# Are there any theoretical size limits of man-made space stations/structures?

The question speaks for itself. If the answer is "yes", what are the problems in creating a large-scale space structure, maybe even dozens of kilometres large? What about moving & repositioning, building, handling, supplying, maintaining and repairing issues of space hyperstructures (for example, a nuclear factory in space)?

I could check only one aspect: moving and repositioning.
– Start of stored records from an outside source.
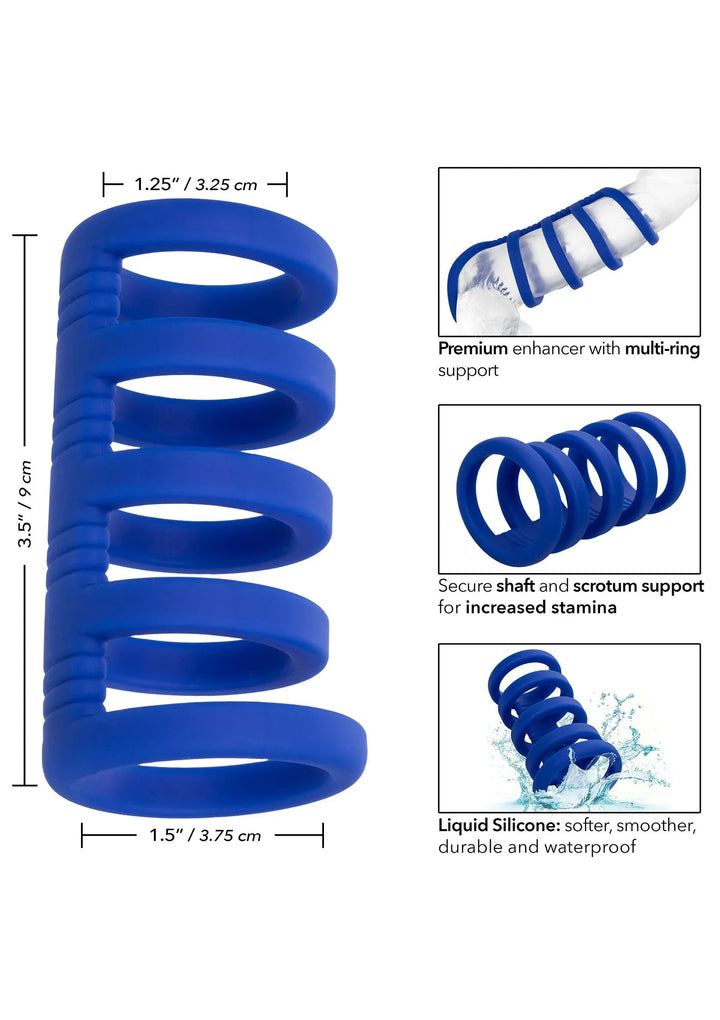Admiral Xtreme Cock Cage - Blauw | Cockring - CalExotics | SIN&LACE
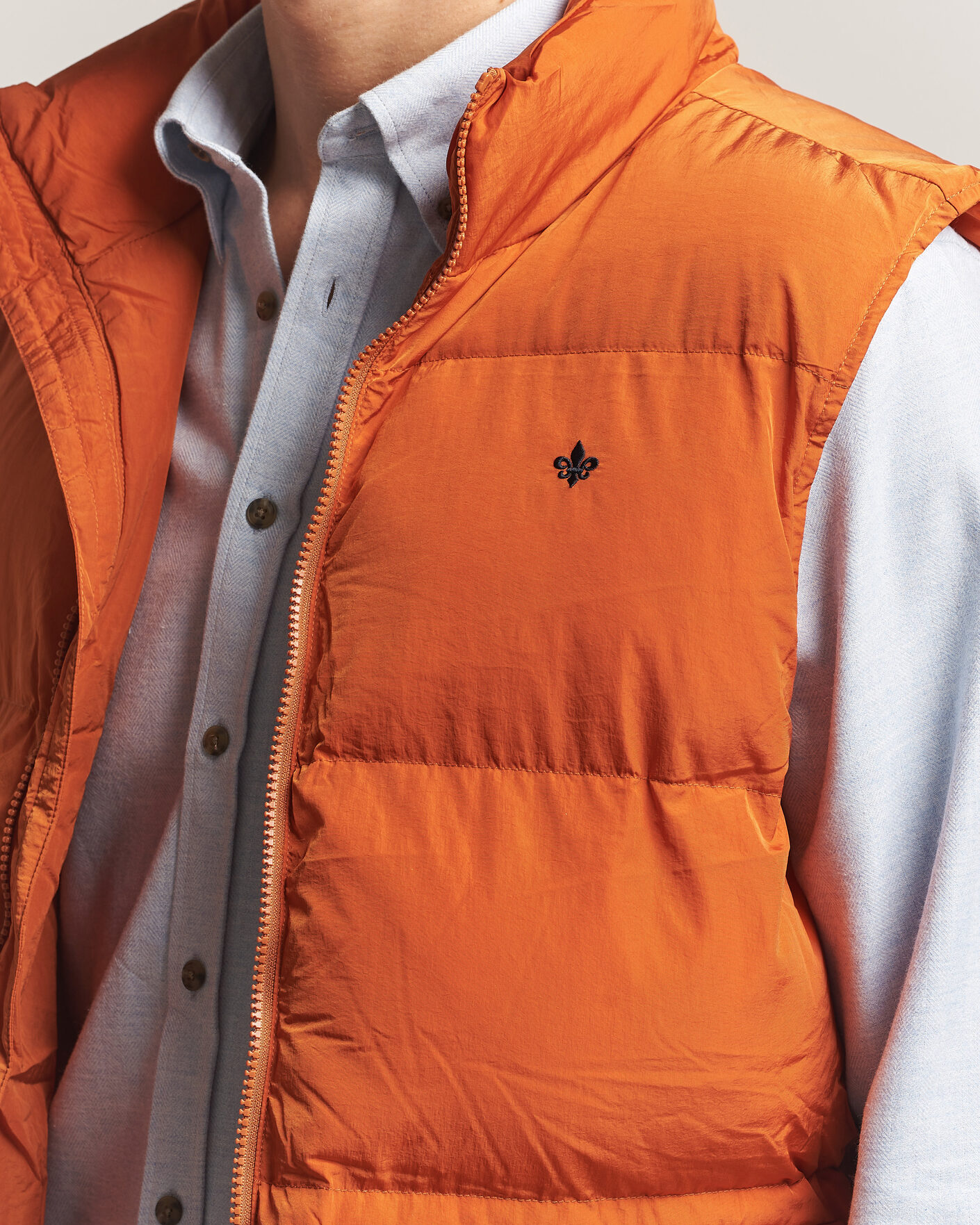 Heren | Gilets | Morris | Lennox Puffer Vest Orange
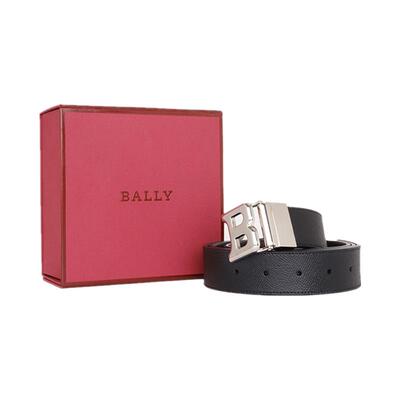 Bally/巴利时尚黑色男士牛皮腰带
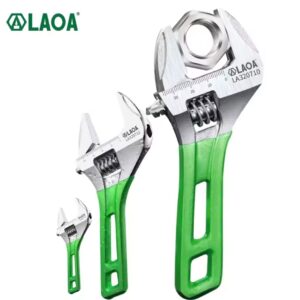 מפתח ברגים מתכוונן LAOA עם ידית קצרה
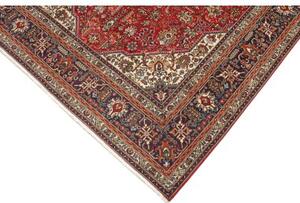 Tappeto Tabriz Stilizzato Rosso Blu Scuro 200x300 Cm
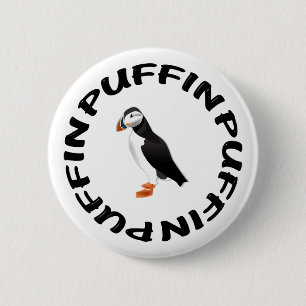 puffin 2 inch round button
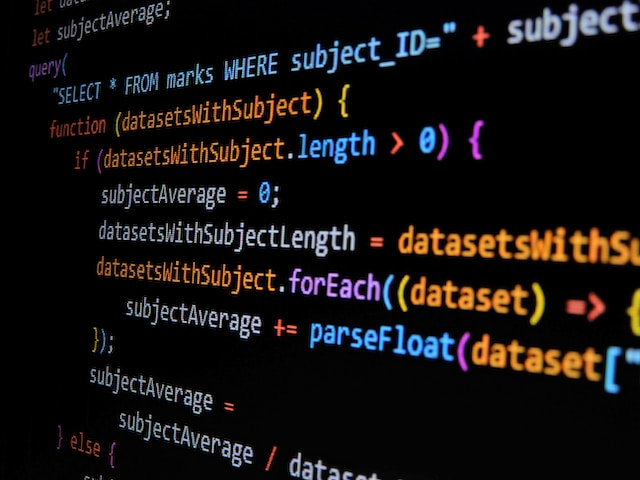 A photo of a node.js-scipt.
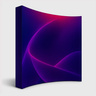 Fabric Pop Up Curved Velcro Media Wall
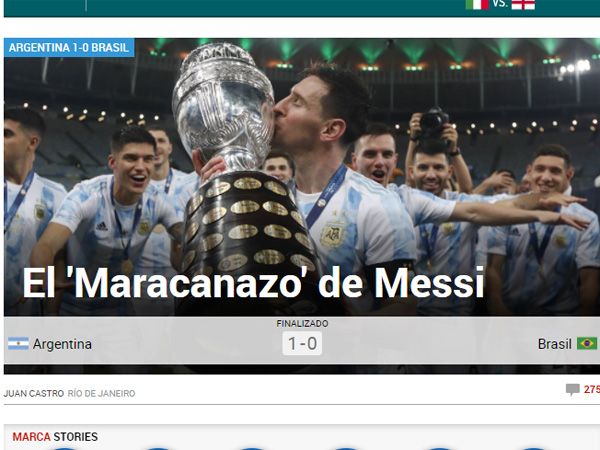 "המראקנאסו  של מסי" (Marca)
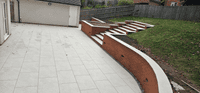 Quartz White Outdoor Porcelain Slabs  900x600x20mm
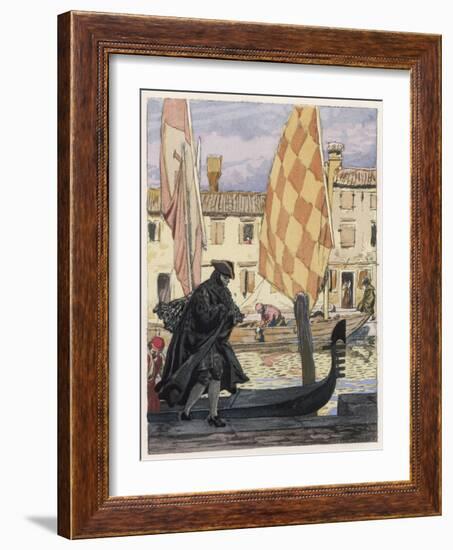 Giovanni Giacomo Casanova Chevalier de Saingalt Italian Adventurer in Carnival Mask Venice-Auguste Leroux-Framed Art Print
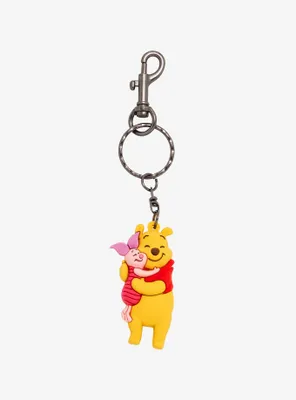 Loungefly Disney Winnie the Pooh Piglet & Pooh Hugging Keychain - BoxLunch Exclusive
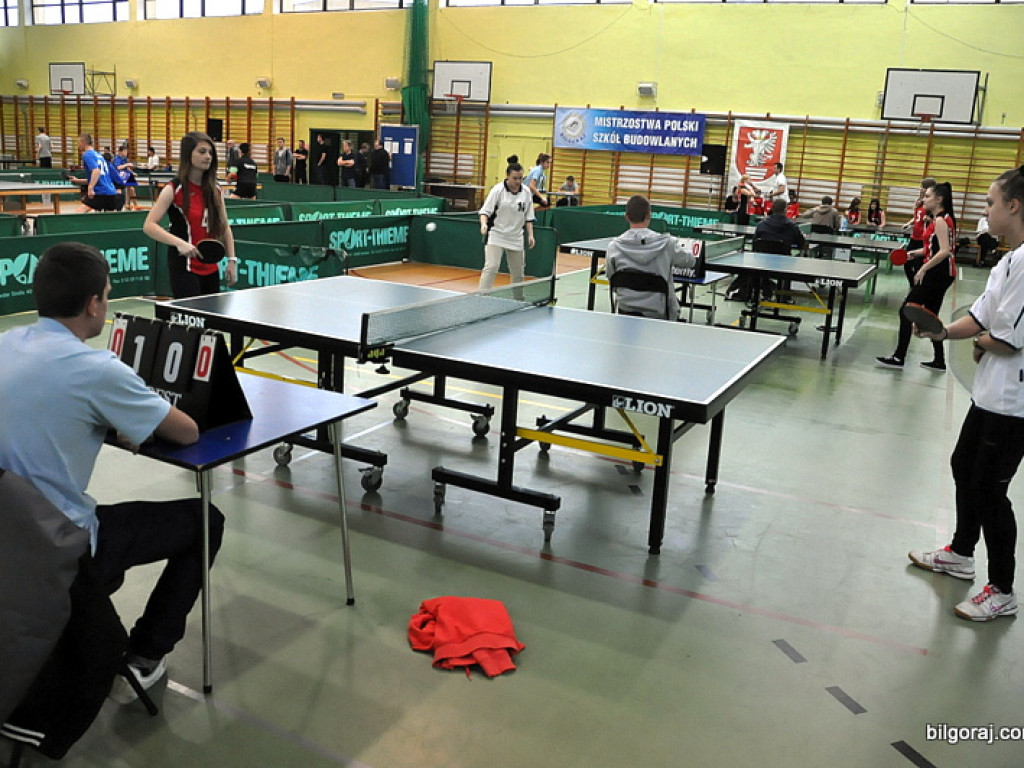 Mistrzostwa Polski Szkół Budowlanych w Tenisie Stołowym i Szachach (FOTO, WYNIKI)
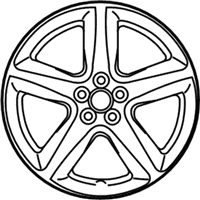 OEM Toyota Matrix Wheel, Alloy - 42611-21140
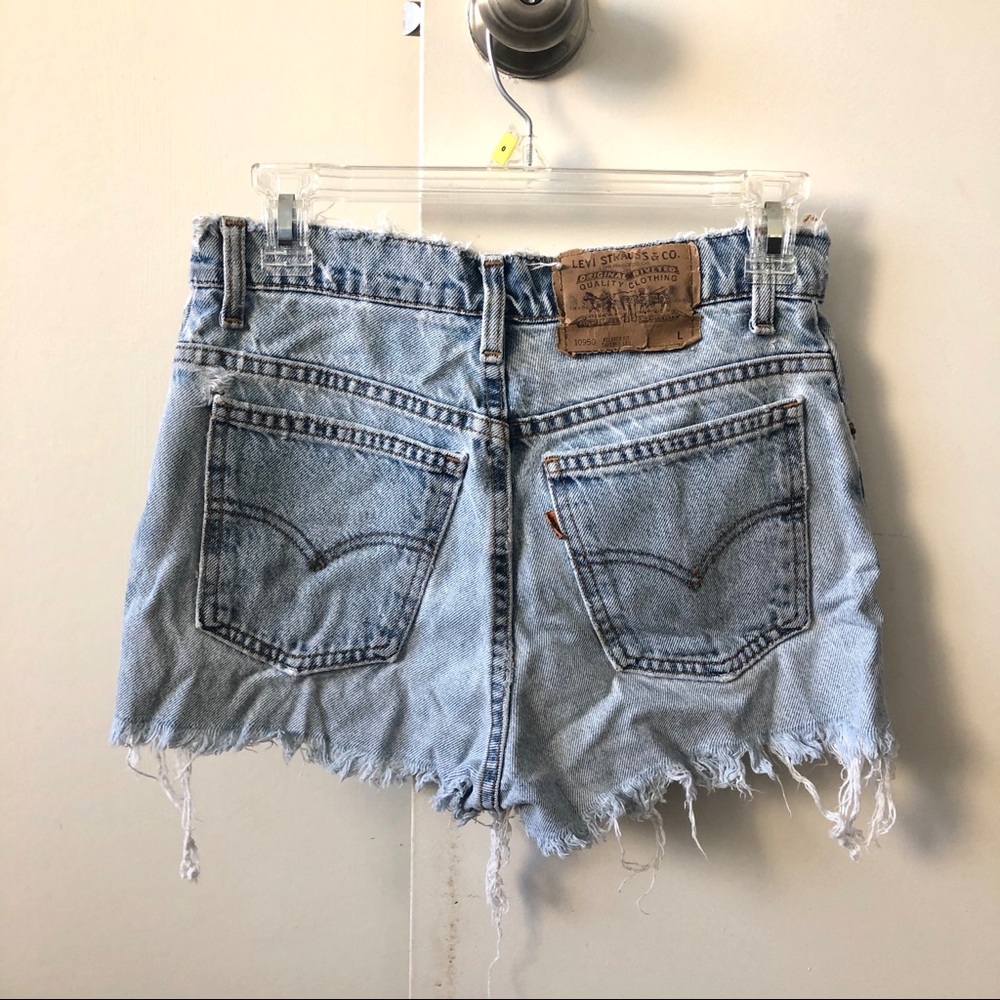 Vintage Levi Strauss High-Waisted Shorts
Theoretically, larger space structures (like space stations) don't need serious propulsion because they can be built in space (as it happened with the International Space Station: it was built piece by piece) and moving them should be necessary at repositioning - but if they could get an orbit (around a moon, a planet or maybe even a star), they are moved by the force of gravity.

EDIT: with the word structure, I mean a man-made facility that has certain functions. I wouldn't like to use the word space station, because with very large scales, a similar facility would be more than a station.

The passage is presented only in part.